§ **WHAT IS NEEDED**:
From start to end, write out the following data exactly, apart from its images.

§ **Caption-style text data**:
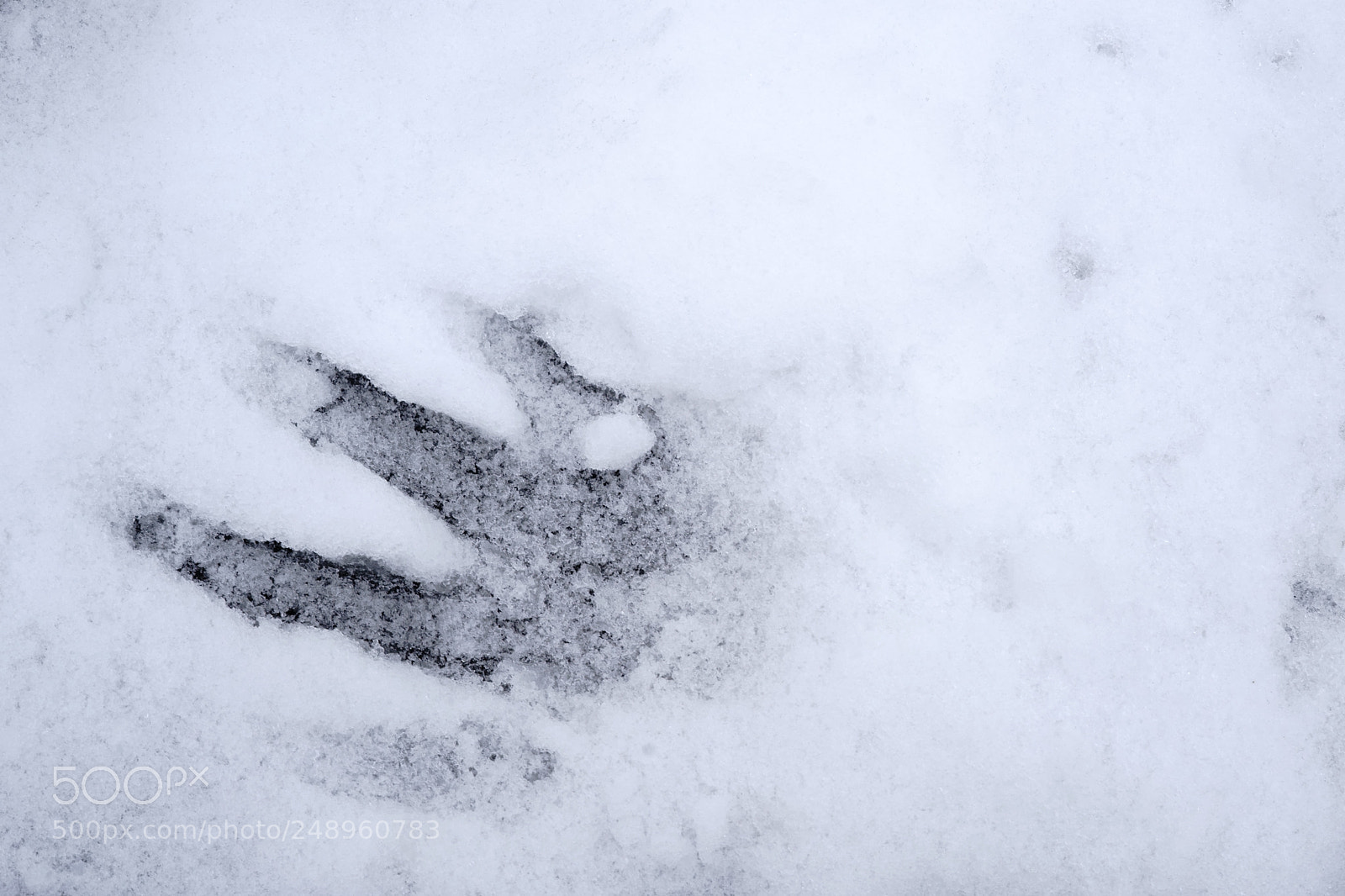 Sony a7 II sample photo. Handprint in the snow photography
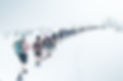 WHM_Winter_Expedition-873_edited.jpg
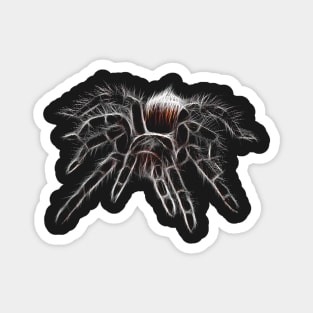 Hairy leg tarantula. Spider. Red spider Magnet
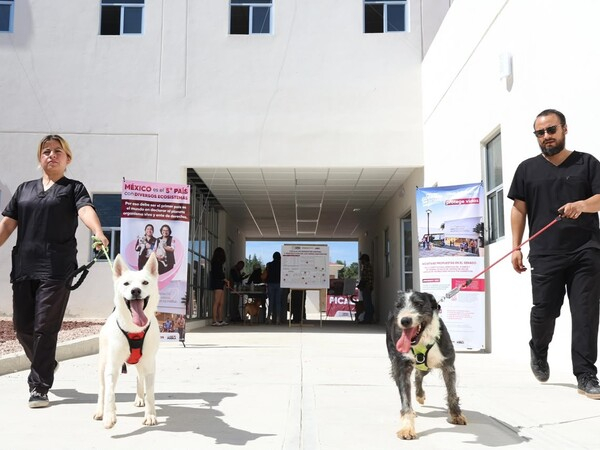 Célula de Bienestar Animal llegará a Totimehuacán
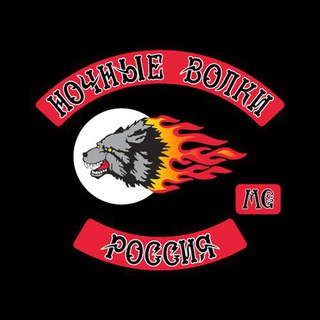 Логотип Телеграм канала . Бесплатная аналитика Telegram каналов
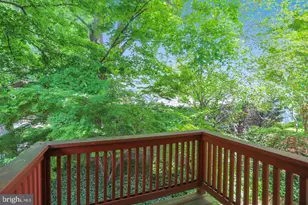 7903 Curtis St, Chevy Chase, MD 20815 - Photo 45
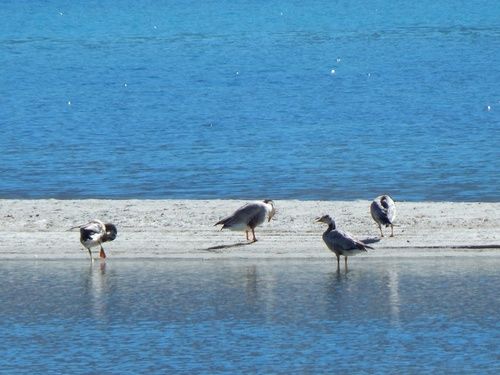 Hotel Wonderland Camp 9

§ **SOLUTION TO THE EXERCISE**:
 Sony a7 II sample photo. Handprint in the snow photography
 WHM_Winter_Expedition-873_edited.jpg
 Hairy leg tarantula. Spider. Red spider Magnet
 Célula de Bienestar Animal llegará a Totimehuacán
 Логотип Телеграм канала . Бесплатная аналитика Telegram каналов
 7903 Curtis St, Chevy Chase, MD 20815 - Photo 45
 Hotel Wonderland Camp 9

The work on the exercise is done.